И вот, во избежание подобного случая со мной, у меня всегда было заготовлено три желания, чтобы не растеряться, когда спросят. Желания менялись время от времени, но я всегда помнила о них. Была полная уверенность, что когда-нибудь меня про это обязательно спросит знакомая фея. Но и со мной произошло все так, как полагается в сказке.
Алексей Максимович, сидя рядом со мной, спросил:
— Ну, Рина, скажите-ка мне, что же я могу для вас сделать хорошего?
Спросил так просто, как полагается в сказке: ну, говори, какие у тебя три желания?
И тут я, не нарушая законов сказки, сказала, как простодушная сказочная дурочка, что у меня все хорошо, лучше быть не может, ничего мне не надо. А как раз в это время было много непреодолимо ужасного: театр выгоняли из Дома печати, и пока еще не было нового помещения, и надо было, чтобы кто-нибудь заступился, замолвил словечко; мы с мамой и сестрой ютились в какой-то полуподвальной комнатенке; а еще были временные затруднения с едой, в магазине нечего было купить, все шли в торгсин, сдавали разное серебро или золото и получали талоны на продукты, а у нашей мамы ничего быть не могло.

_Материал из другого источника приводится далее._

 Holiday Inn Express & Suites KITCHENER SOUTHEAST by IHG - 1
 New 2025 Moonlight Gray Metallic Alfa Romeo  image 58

Но в эту минуту я забыла обо всем, все казалось необыкновенно прекрасным: я сижу рядом с Горьким, могу дотронуться до него рукой. Чего еще можно хотеть? О чем просить? Все будет хорошо, и так все обойдется.
Когда я уходила — Крючков вез меня домой, — Алексей Максимович сказал мне, что удивлен моей смелой идеей: со сцены рассказывать взрослым о детях, что на это еще никто не решался — говорить от лица ребенка так, чтобы зрительный зал поверил. Еще он сказал: «Когда искусство, показывая жизнь, вносит в нее каплю вымысла, оно делает изображаемое более правдивым, чем сама жизнь».
Судьба позволила мне еще несколько раз встречаться с Алексеем Максимовичем. Я бывала в доме на Малой Никитской (сейчас улица Качалова, а Качалов тогда шел по Тверской, которая еще не была улицей Горького; он шел, выделяясь среди толпы, и люди оборачивались на это создание природы, на высокую его, статную фигуру, гордую голову с добрыми глазами, в которые хотелось смотреть, чтобы понять, как он думает о тебе, обо всем; Качалов шел в свой Брюсовский переулок — переулок назвали именем Брюса, сподвижника Петра, теперь этот переулок стал улицей Неждановой, во-первых, а во-вторых, мне никогда не понять, почему нужно называть переулок улицей и зачем).